[[ SOURCE DATA, beginning ]]
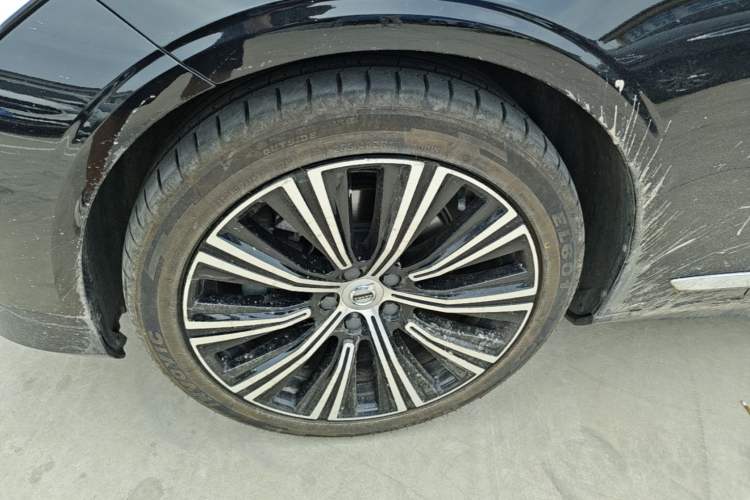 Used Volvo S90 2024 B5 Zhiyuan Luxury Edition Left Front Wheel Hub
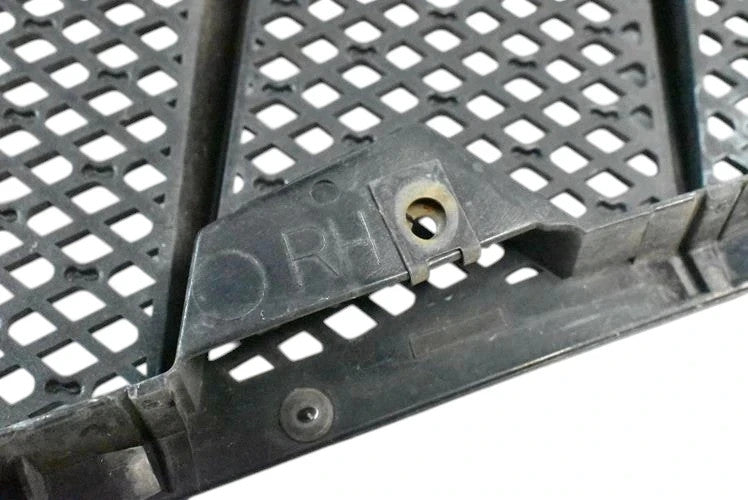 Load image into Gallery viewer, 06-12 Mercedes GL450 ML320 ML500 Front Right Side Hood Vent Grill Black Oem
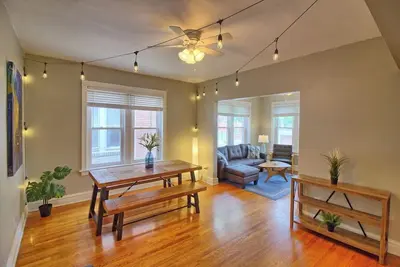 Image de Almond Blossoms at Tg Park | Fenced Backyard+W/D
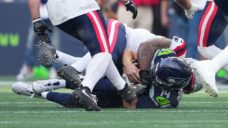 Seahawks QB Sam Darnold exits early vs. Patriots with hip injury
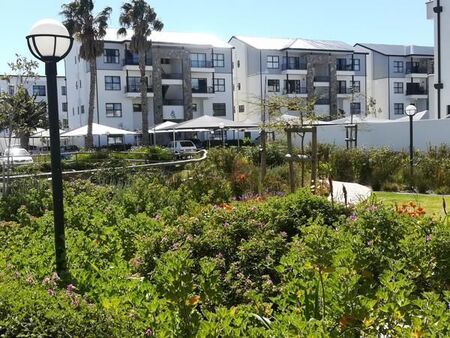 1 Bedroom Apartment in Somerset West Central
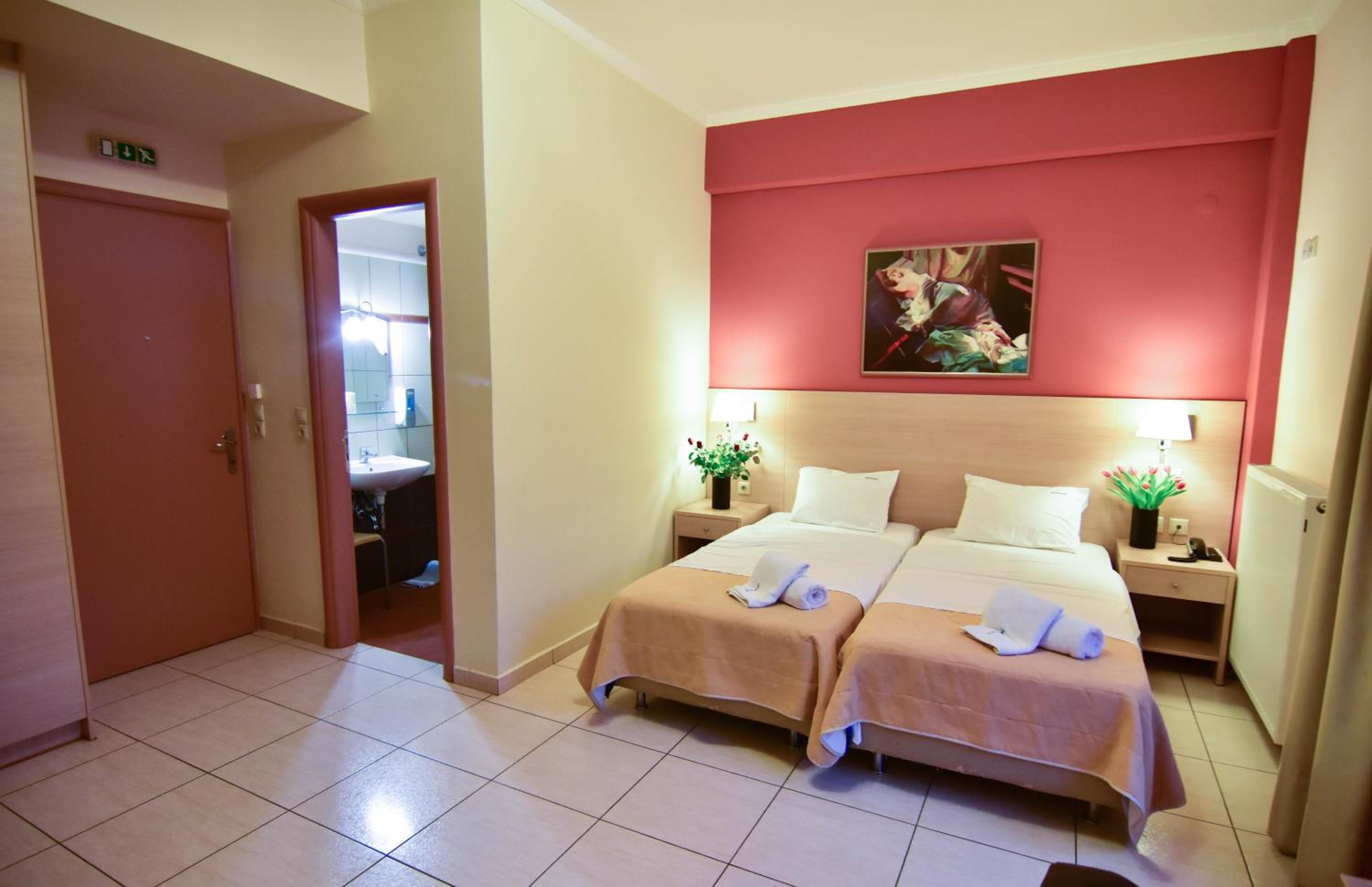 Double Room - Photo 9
[[ SOURCE DATA, end ]]
[[ SOURCE DATA, beginning ]]
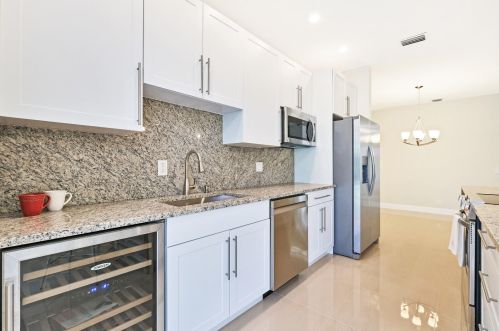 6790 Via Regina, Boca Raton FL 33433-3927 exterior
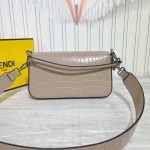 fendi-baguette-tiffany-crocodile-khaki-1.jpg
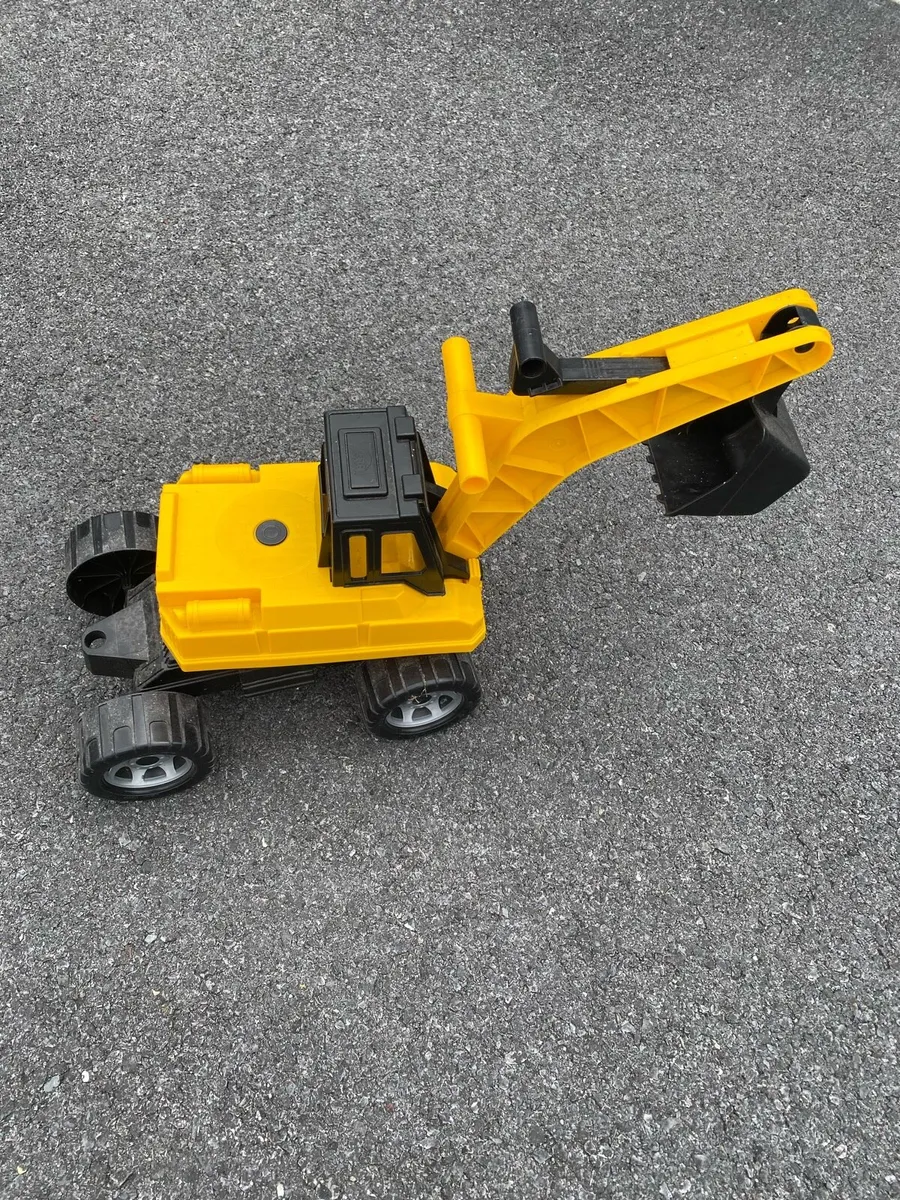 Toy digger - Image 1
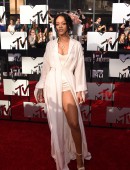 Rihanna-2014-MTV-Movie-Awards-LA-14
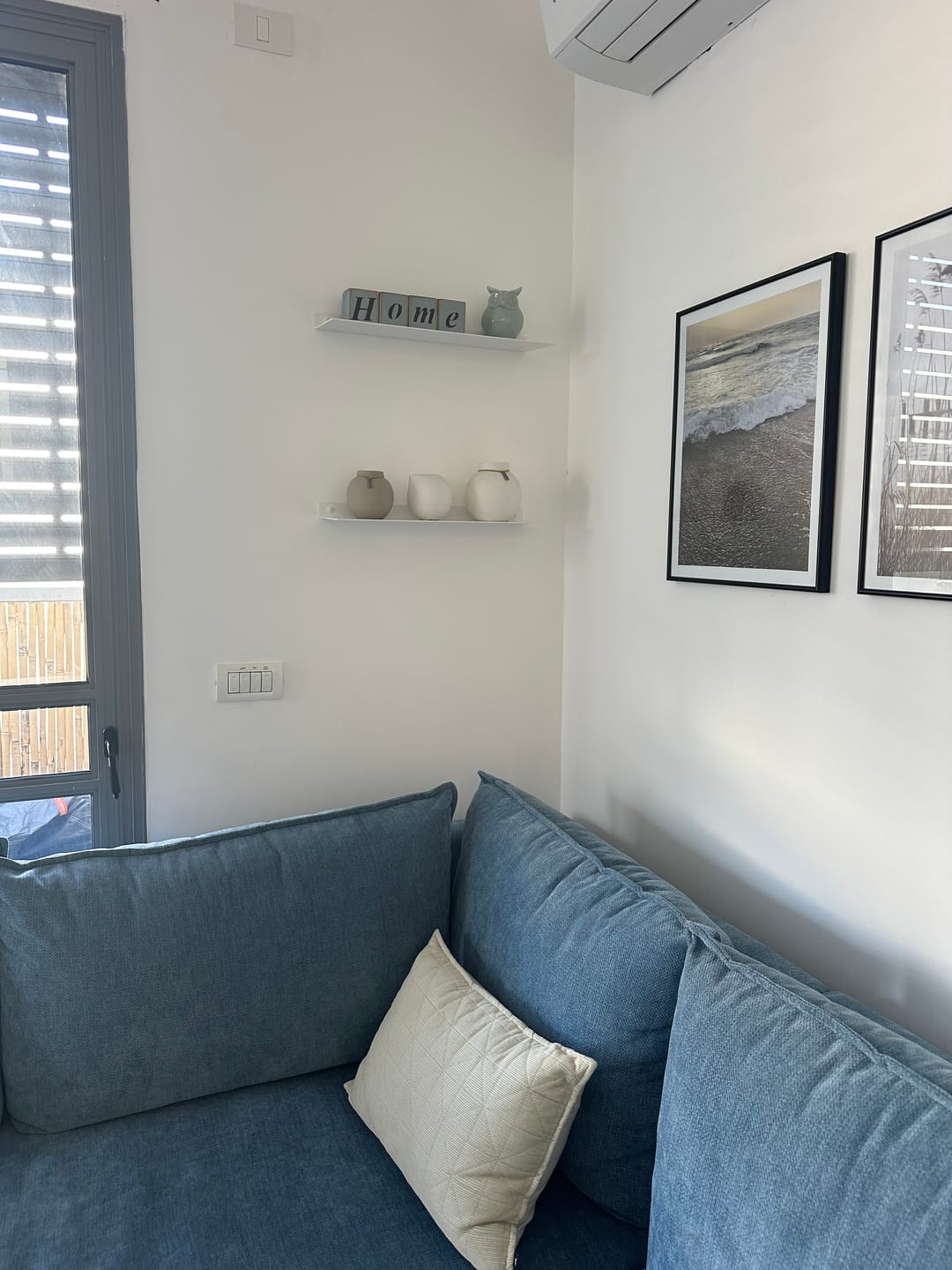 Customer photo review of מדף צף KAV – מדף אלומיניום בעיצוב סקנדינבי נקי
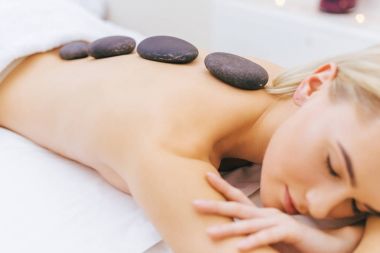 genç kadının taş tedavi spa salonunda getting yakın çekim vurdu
[[ SOURCE DATA, end ]]
[[ SOURCE DATA, beginning ]]
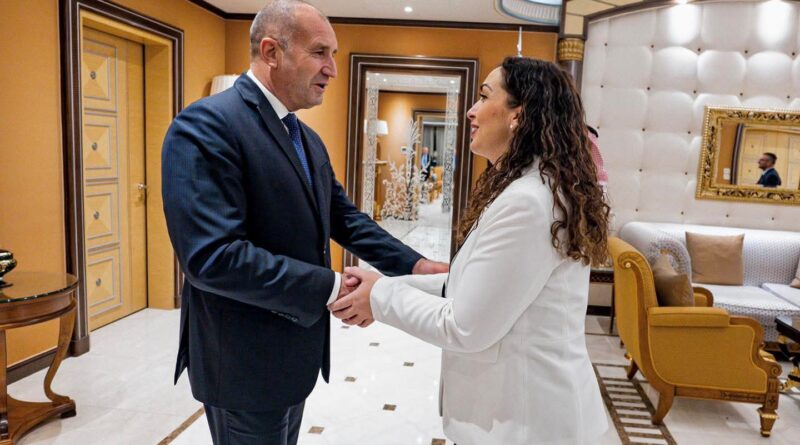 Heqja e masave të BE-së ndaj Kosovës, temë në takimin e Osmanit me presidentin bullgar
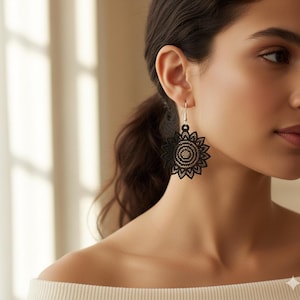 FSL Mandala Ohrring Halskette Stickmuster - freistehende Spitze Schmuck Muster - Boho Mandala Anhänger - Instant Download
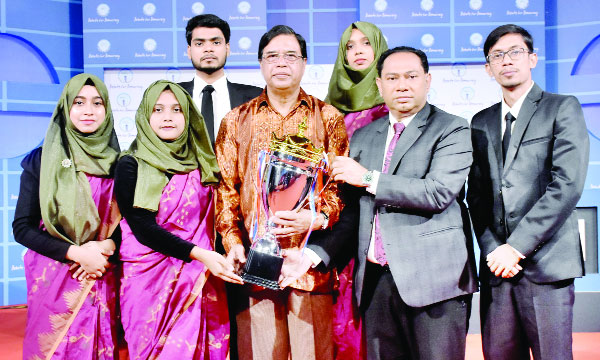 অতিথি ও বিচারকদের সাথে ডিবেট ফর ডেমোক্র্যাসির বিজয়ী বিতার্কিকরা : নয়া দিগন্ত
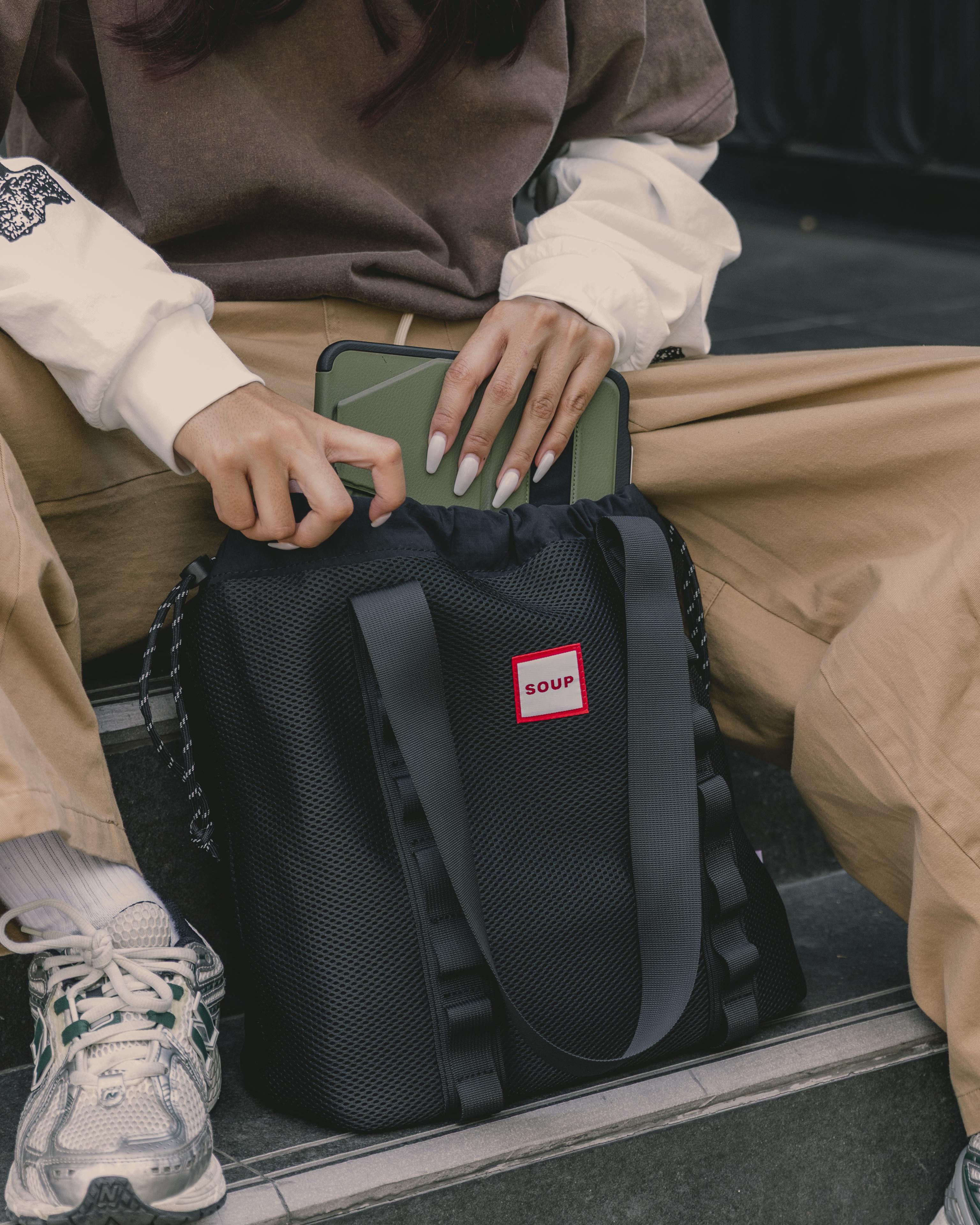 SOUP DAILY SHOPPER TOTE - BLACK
[[ SOURCE DATA, end ]]
WHAT TO DO: Output exactly the lines above that lie between the line with "Used Volvo S90" and the line with "Double Room - Photo 9", those two lines included, and no pictures.

ANSWER BOX:
 Used Volvo S90 2024 B5 Zhiyuan Luxury Edition Left Front Wheel Hub
 Load image into Gallery viewer, 06-12 Mercedes GL450 ML320 ML500 Front Right Side Hood Vent Grill Black Oem
 Image de Almond Blossoms at Tg Park | Fenced Backyard+W/D
 Seahawks QB Sam Darnold exits early vs. Patriots with hip injury
 1 Bedroom Apartment in Somerset West Central
 Double Room - Photo 9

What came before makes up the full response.